In the ’90s, the fire department did some training at the schools, which was expanded to bring fire trucks in so kindergarteners could see the trucks, Wilson said.

Then fire education programs were assigned to the committee.

“If you haven’t been to one of these guy’s programs, you’re missing it,” Wilson said.

Kinsey said the committee does things like stations for kindergarteners. Kindergarteners can’t sit for 45 minutes to an hour and listen to them talk, so firefighters each have a specific station.

“And so we just hit them for 3 minutes real hard with a ton of information and we rotate. And just we rotate through all the stations,” Kinsey said.

The committee does that for all the schools at WCS.

Kinsey said they are setting up to do their Learn Not To Burn program.

“And we are here all day long. We start with kindergarten and go all the way up. And everything is based on their age. So kindergarten is stay away from hot stuff. We do magic tricks with them and we do all sort of stuff like that with them,” he said.

First grade has a program called Rabbit Ready, where they learn to get out of a space quickly. For third grade, WWFT brings a trailer and fills it full of smoke and teaches students how to get out of their house safely and what to do in certain circumstances.

Last year, after this program, two students from Madison and one from Leesburg were able to get out of their house after a fire. One girl from Leesburg was able to get her entire family out of the house, Kinsey said.

The kids are very receptive to what the committee is doing, Kinsey said.

Wilson said if the firefighters didn’t spend the time in the classroom working with students, he knows there would be fatalities in fires.

“It’s working. You allowing these guys to be to in your school system is working,” Wilson said.

In other business, Hoffert said there was a big update about COVID-19 restrictions in schools that came from the Indiana Department of Health this past week.

Last year, Gov. Eric Holcomb put in control measures for COVID-19 and gave schools “a couple different options.”

In September, the Board approved Hoffert’s recommendation the schools mandate masks until the county went into the yellow distinction.

In November, the Board approved Hoffert’s recommendation to go mask optional for the second semester, unless the county went into yellow earlier. Hoffert said WCS decided to go that route because all students had the opportunity to get vaccinated.

Right before Christmas break, some of those control measures changed again by IDOH. In January, the measures were changed again, he said.

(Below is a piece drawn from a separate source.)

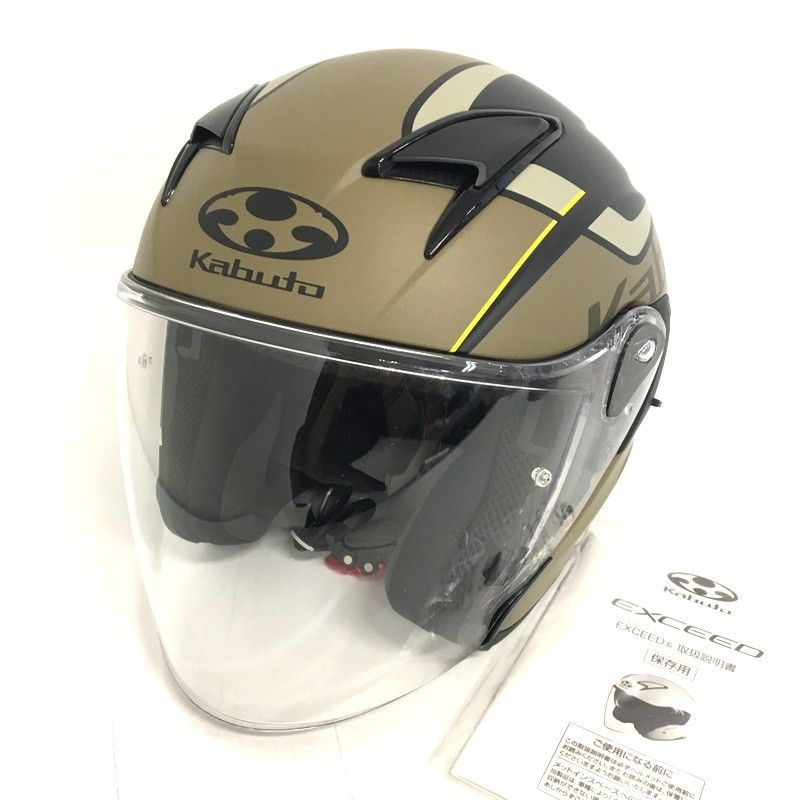 OGK KABUTO オージーケーカブト EXCEED GLIDE ジェットヘルメット 除菌消臭済 Sサイズ フラットブラックカーキー オートバイ ツーリング ライディング バイカー バイク用品 TA3489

This past week, Hoffert said there was a major change. He read the announcement from the IDOH, which attributed the changes to the declining cases of COVID-19 across the state and all school-aged students have been eligible to receive the vaccine since November.

One of the biggest changes is schools are no longer required to close contact quarantine students who have been exposed to students or staff that have tested positive. Students or staff who test positive should isolate for five days and can return on the sixth day if they haven’t had a fever for at least 24 hours.

Hoffert said schools are no longer required to do contact tracing or report positive cases to IDOH.

Hoffert said they have seen a sharp decline in positive cases in the past couple of weeks.

Information will be posted to the school corporation’s website today, as well as be sent to the building principals.